Silvia Ontivero, de ojos chiquitos y corte carré, estuvo seis años detenida, en Mendoza y Devoto. Era delegada gremial de ATE. Recordó las golpizas y su ropa destruida por los ataques sexuales. “Le mostré al juez lo lastimada que estaba y me preguntó si me había caído”, relató. Romano era el fiscal. También lo era en el expediente que le armaron a Héctor Rosendo Chaves, abogado de presos políticos en los ’70. “Me indagaron tres años después de detenido; denuncié torturas y no se investigó nada. Es evidente la estrecha relación entre la Justicia y la represión”, dijo.

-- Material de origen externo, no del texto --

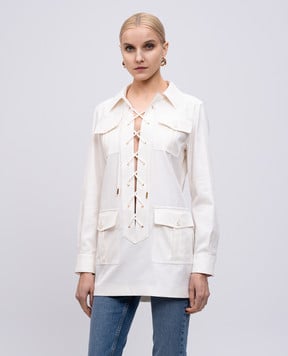 Tom Ford Белая блуза SAFARI с шелком AB3452FAX1215
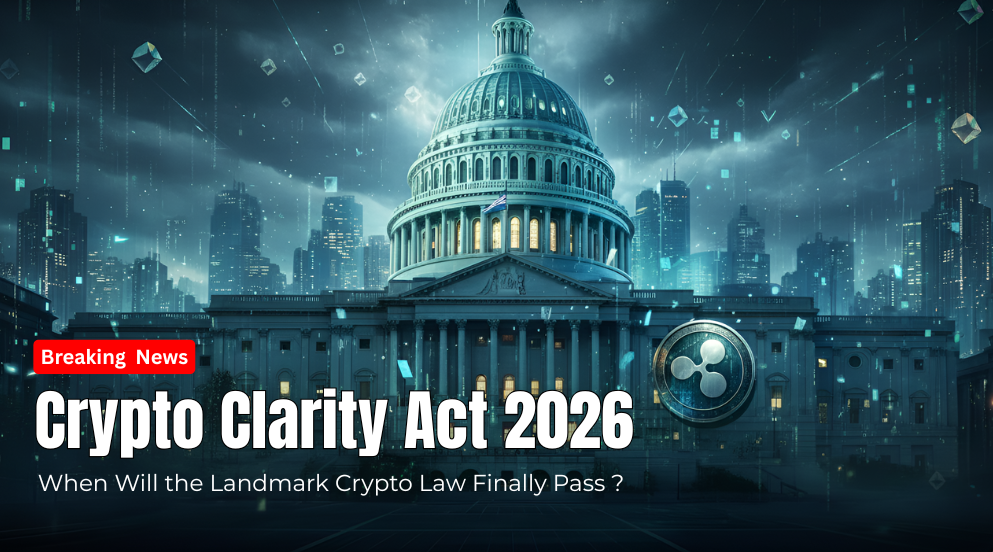 Crypto Clarity Act 2026 concept image showing the US Capitol building at night with digital crypto elements and Ripple symbol, highlighting landmark crypto regulation news.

A Daniel Pina, médico, lo detuvieron por orden de Romano, acusándolo de integrar seis organizaciones. Al firmar una declaración con los ojos vendados escribió “Apelo”, alegando que era su apellido. En vano denunció torturas y el asesinato de otro preso, Luis Moriña. Otros detenidos, recordó, decían que Romano y Miret “presenciaban torturas”. Por la tarde testificó Alicia Saadi, que integraba la Comisión de Acuerdos del Senado cuando Romano fue nombrado camarista. Dijo que de haber habido impugnaciones –no hubo– ella no aprobaba el pliego.
Haydée Fernández conmovió a quienes la escuchaban. Bajita y rubiona, contó cómo pasó de defender presos políticos a caer presa por la “ley antisubversiva” el 16 marzo de 1976. Recordó “la picana eléctrica”, que dejaron de aplicarle “cuando se llenó de presos después del golpe”, y el laberinto judicial en el que Romano le decía a su hermana, que había presentado un hábeas corpus, que ignoraba dónde estaba. Detalló que quienes iban a ver a las presas llegaban bañados en whisky para no sentirles el olor y que una compañera fue torturada alrededor de la herida de una histerectomía que le acababan de practicar. “¿Qué más pruebas quieren de Romano? Toda la Justicia era cómplice, por eso nosotros no teníamos salida”, aseguró. “En la cárcel –le dijo a Página/12– soñábamos con que llegara este día, así resistíamos.”